Image recognition: we can not get there from here with what we’ve got

(written by lawrence krubner, however indented passages are often quotes). You can contact lawrence at:


Leopards (or jaguars) are complex 3-dimensional shapes with quite a lot of degrees of freedom (considering all the body parts that can move independently). These shapes can produce a lot of different 2d contours projected on the camera sensor: sometimes you can see a distinct silhouette featuring a face and full set of paws, and sometimes it’s just a back and a curled tail. Such complex objects can be handled by a CNN very efficiently by using a simple rule: “take all these little spotty-pattern features and collect as many matches as possible from the entire image”. CNNs local filters ignore the problem of having different 2d shapes by not trying to analyze leopard’s spatial structure at all — they just look for black spots, and, thanks to nature, there are a lot of them at any leopard picture. The good thing here is that we don’t have to care about object’s pose and orientation, and the bad thing is that, well, we are now vulnerable to some specific kinds of sofas.
And this is really not good. CNN’s usage of local features allows to achieve transformation invariance — but this comes with the price of not knowing neither object structure nor its orientation. CNN cannot distinguish between a cat sitting on the floor and a cat sitting on the ceiling upside down, which might be good for Google image search but for any other application involving interactions with actual cats it’s kinda not.
If that doesn’t look convincing, take a look at Hinton’s paper from 2011 where he says that convolutional networks are doomed precisely because of the same reason. The rest of the paper is about an alternative approach, his capsule theory which is definitely worth reading too.
We’re doing it wrong

Maybe not all wrong, and of course, convolutional networks are extremely useful things, but think about it: sometimes it almost looks like we’re already there. We’re using huge datasets like ImageNet, organize competitions and challenges, where we, for example, have decreased MNIST recognition error rate from 0.87 to 0.23 (in three years) — considering that no one really knows what error rate a human brain can achieve.

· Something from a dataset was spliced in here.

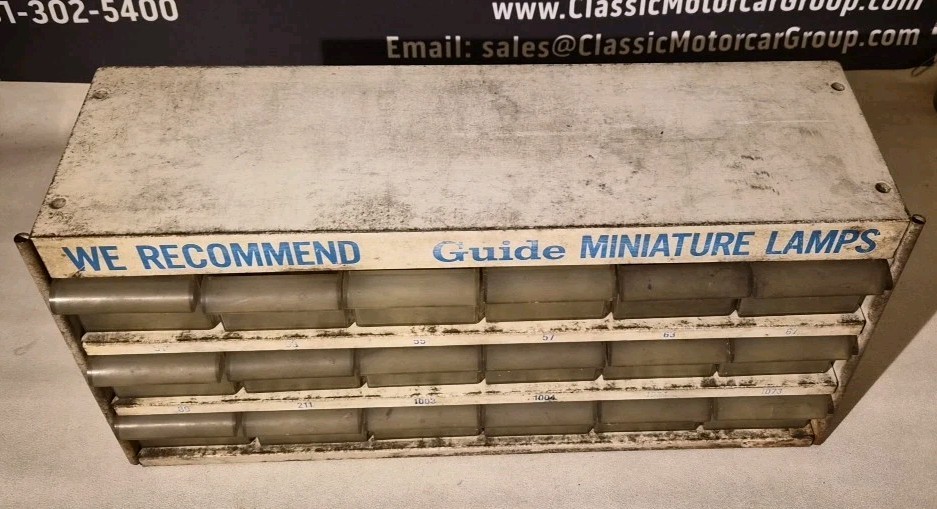 AC Delco Guide Miniature Lamps 18 Drawer Vintage Gas Station Cabinet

There’s a lot of talk about GPU implementations — like it’s just a matter of computational power now, and the theory is all fine. It’s not. And the problem won’t be solved by collecting even larger datasets and using more GPUs, because leopard print sofas are inevitable. There always going to be an anomaly; lots of them, actually, considering all the things painted in different patterns. Something have to change. Good recognition algorithms have to understand the structure of the image and to be able to find its elements like paws or face or tail, despite the issues of projection and occlusion.